Pierce's attorney, Genie Harrison said she was ``disappointed that the City Council chose not to settle the case. ``In light of that decision, we expect the case to go to trial and we expect to put on a very powerful case,'' she told reporters. That’s what Councilman Wesson said he is afraid of. “I believe the city has already lost this case,” said Wesson. “When this case goes to trial, the jury will come back with an award significantly higher than $2.7 million. As much as it pains me to pay 2.7 million dollars for any settlement, in my opinion it is the fiscally responsible thing to do…”

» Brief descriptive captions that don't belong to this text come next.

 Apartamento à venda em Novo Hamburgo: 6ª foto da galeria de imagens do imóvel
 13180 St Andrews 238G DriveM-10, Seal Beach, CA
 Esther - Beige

Before the case goes to trial in March, the city has the choice to offer another settlement. However, Villaraigosa did not say whether he would encourage another, much lower settlement or if the city should go to trial. The city council had initially approved the settlement, which also provided him with a lifelong pension. They rescinded the decision after some photos of Pierce surfaced that showed him participating in hazing activity against other firefighters. Harrison told reporters the photos were taken more than a decade ago and are irrelevant to her client's case.

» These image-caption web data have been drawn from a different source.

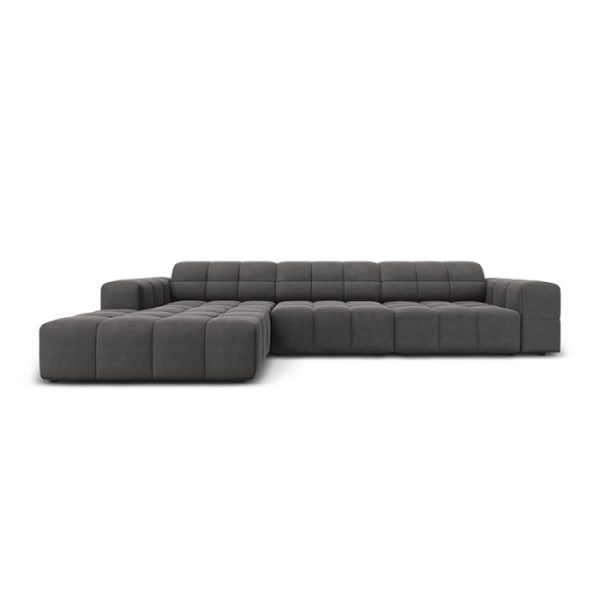 cosmopolitan-design-hoekbank-chicago-links-velvet-grijs-284x166x70-velvet-banken-meubels-1-min.jpg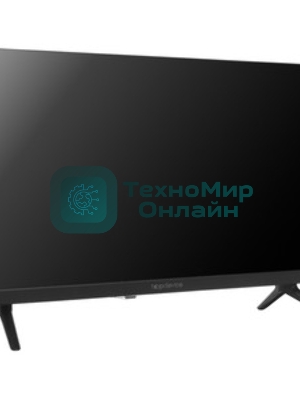Телевизор TopDevice 24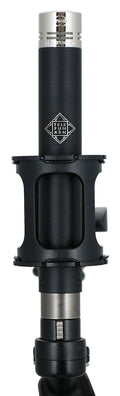 Telefunken Elektroakustik M60 FET Cardioid Condenser Mic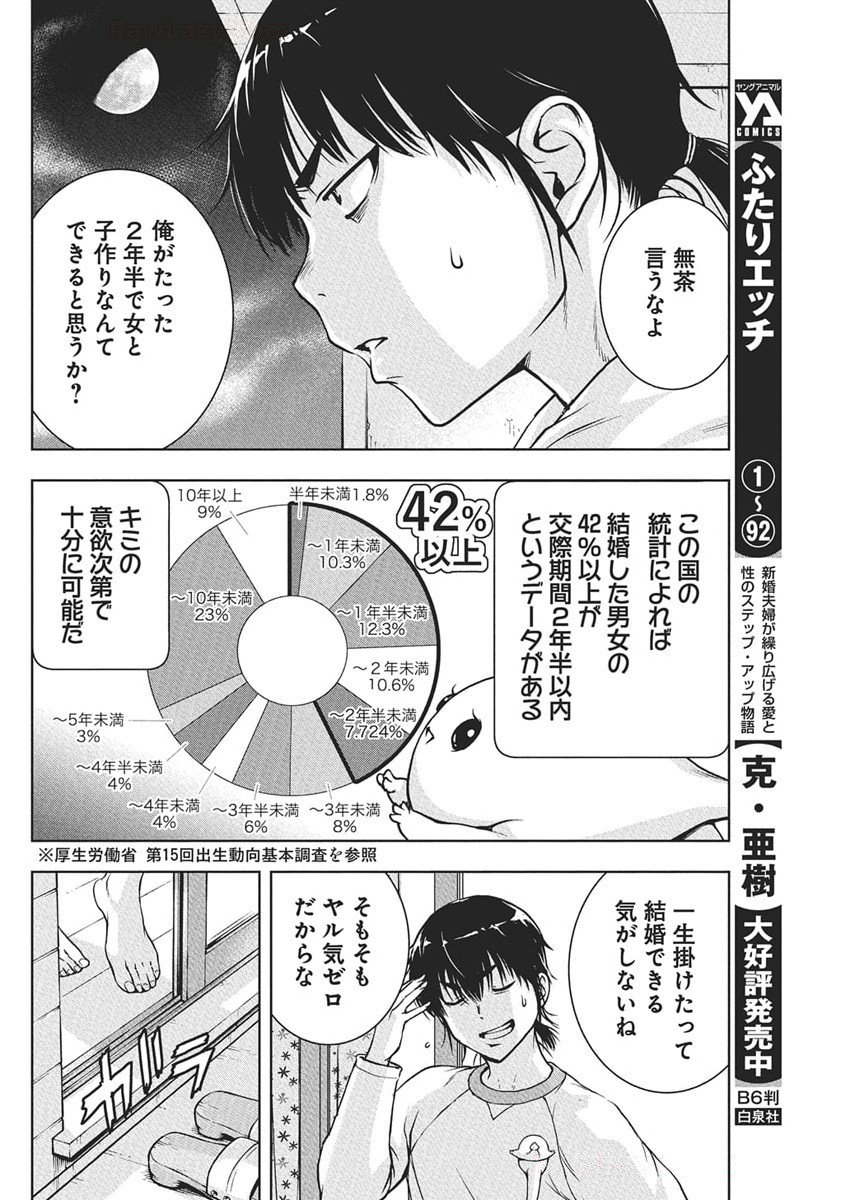 Love Shooting Star Cowwwwpa! Chap 13 - Next Chap 14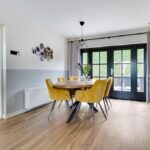 Woning aan Binnenstraat 47 in Herveld te koop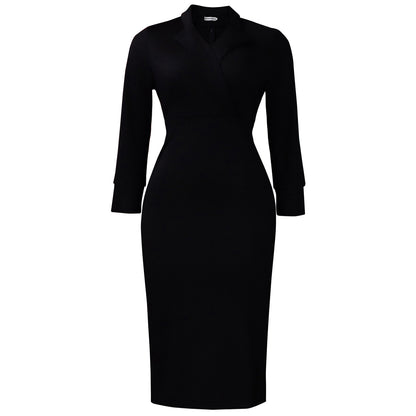 Womens Dress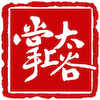 ����̫��appv1.1.1.001 ���°�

Councilman Bernard Parks said he is “extremely disappointed” by the vote although he expected it. “[It] sent a clear message to those in city departments fighting racism and sexism to stay quiet and keep your complaints to yourself,” he said in a statement. “To the optimists who believe that the Civil Rights Movement has come a long way, it is clear by this decision that we have not.”

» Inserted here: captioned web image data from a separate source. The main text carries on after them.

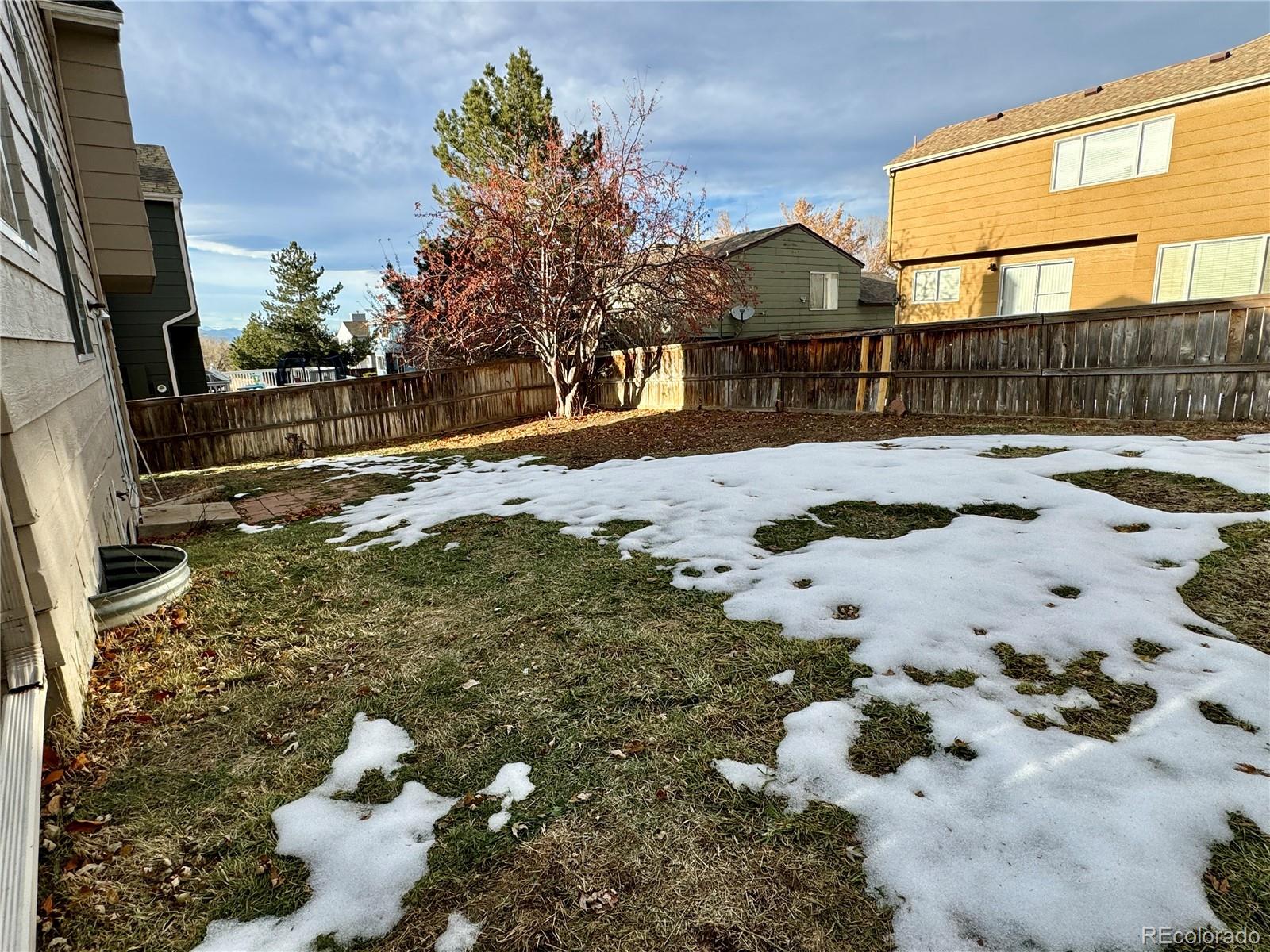 MLS Image #13 for 6257  monterey place,highlands ranch, Colorado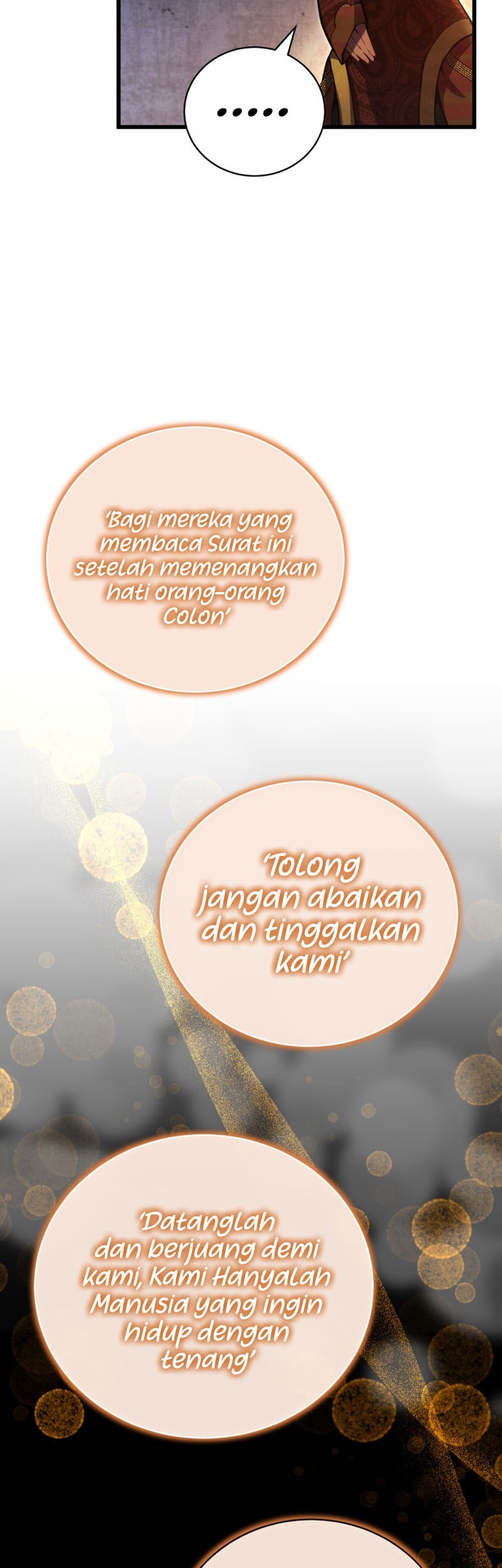 Chapter 74 - halaman 52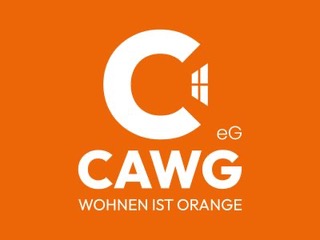 cawg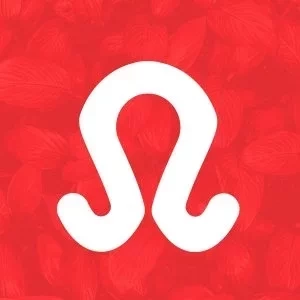 Descubra o Dia de Sorte de cada signo do Zodíaco - imagem 4658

Councilmembers Bill Rosendhal and Dennis Zine had been against the settlement terms from the beginning, calling the dog food incident more of a “bad prank” than racial discrimination. Villaraigosa said he agreed with them after he saw the photos and urged councilmembers to reconsider the settlement, stating that the money he asks for should be used responsibly in Los Angeles. But Parks, like Wesson believes the council’s decision has made things a lot worse. “It is my hope,” he said, “that those who visibly called for and voted for the veto will be equally visible if the city is required to pay more than what was originally agreed upon in the settlement.”